Ignoring health risks, appearance-obsessed American teens are pouring into tanning salons.
Jul 28, 2004 | During her freshman year of high school in suburban Sacramento, Calif., kids made fun of Christine Sorba for being too pale. "They'd throw pencils at me and say they'd go through me, because I was as white as a ghost," says Sorba, a fair-skinned brunette.
A school dance was coming up, and Sorba wanted to look good -- so she found a solution in an indoor tanning booth. She was immediately hooked. "Now I go about three times a week and I feel that I look better in my clothes," says Sorba, now 18. She even works at a tanning salon, Maui Tan in Sacramento, making it easy for her to use her favorite 160-watt stand-up tanning booth. "My legs look a lot better tan," she said. "I have a lot more confidence in myself."
Every year, according to a recent study published in the Archives of Dermatology, more than 2 million U.S. teenagers visit tanning salons. Partly thanks to the $5 billion industry's aggressive marketing tactics, teens' passion for artificial tanning has surged over the last decade: 30 to 40 percent of 16- to 18-year-olds use tanning booths repeatedly, according to a recent Case Western Reserve University study -- despite doctors' warnings about skin cancer and wrinkles and the media's growing emphasis on sunless tanning methods. And the National Tanning Training Institute reported that the number of people who go tanning (loyal tanners consider it a verb), grew from 27 million in 2000 to 29 million in 2003. One of the fastest-growing segments of the market is female teens 16 to 19.
"Our prevention efforts are clearly failing," says Dr.
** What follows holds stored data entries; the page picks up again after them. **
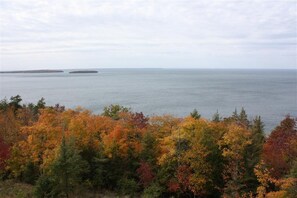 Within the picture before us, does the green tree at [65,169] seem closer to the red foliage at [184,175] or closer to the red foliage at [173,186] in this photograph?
the red foliage at [173,186]

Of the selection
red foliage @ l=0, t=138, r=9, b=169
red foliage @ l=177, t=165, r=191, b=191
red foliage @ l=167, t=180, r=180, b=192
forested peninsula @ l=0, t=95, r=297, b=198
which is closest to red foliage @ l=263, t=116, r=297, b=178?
forested peninsula @ l=0, t=95, r=297, b=198

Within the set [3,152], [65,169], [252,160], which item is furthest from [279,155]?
[3,152]

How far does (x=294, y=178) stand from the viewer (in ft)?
66.2

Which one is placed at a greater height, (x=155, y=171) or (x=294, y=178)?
(x=294, y=178)

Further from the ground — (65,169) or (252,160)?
(252,160)

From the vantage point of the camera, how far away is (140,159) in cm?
3578

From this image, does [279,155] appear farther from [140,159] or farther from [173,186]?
[140,159]

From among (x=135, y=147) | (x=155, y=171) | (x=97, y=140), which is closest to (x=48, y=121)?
(x=97, y=140)

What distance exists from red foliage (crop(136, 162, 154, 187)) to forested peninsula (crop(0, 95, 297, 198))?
103 millimetres

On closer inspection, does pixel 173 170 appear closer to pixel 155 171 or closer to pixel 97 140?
pixel 155 171

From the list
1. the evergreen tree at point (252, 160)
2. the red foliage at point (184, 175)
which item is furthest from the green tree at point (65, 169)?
the evergreen tree at point (252, 160)

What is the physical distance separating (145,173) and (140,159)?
100 inches

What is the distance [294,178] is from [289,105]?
3780 inches

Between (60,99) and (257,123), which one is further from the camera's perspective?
(60,99)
James M. Spencer, vice chairman of the department of dermatology at the Mount Sinai School of Medicine in New York City. Pointing to a 2002 survey at Indiana University that found 92 percent of the young adult tanning-bed users were aware of the health risks, he said, "Kids know about the dangers. They know, and they don't care."
"Why should we care?" says Lauren Selicione, 21, of Boca Raton, Fla., who began tanning at 13. "Kids are going to do it because we want to have color. I think it will take kids seeing skin cancer for themselves to change. I don't believe anything until I experience it myself."
More young people are finding out firsthand the consequences of a killer tan. A 2002 study in the Journal of the National Cancer Institute reported that melanoma cases have increased by 60 percent among women ages 15 to 29 over the past three decades. And, the study found, tanning beds are partly to blame: People who regularly use tanning devices have 2.5 times the risk of squamous cell cancer and 1.5 times the risk of basal cell cancer, which are connected to cumulative U.V. exposure. Dermatologists are studying how teens' young, rapidly replicating cells may make them more vulnerable to skin cancer than those of a 35-year-old's, but the American Academy of Dermatology says one thing's certain: People receive about 80 percent of their lifetime sun exposure by the time they're 18.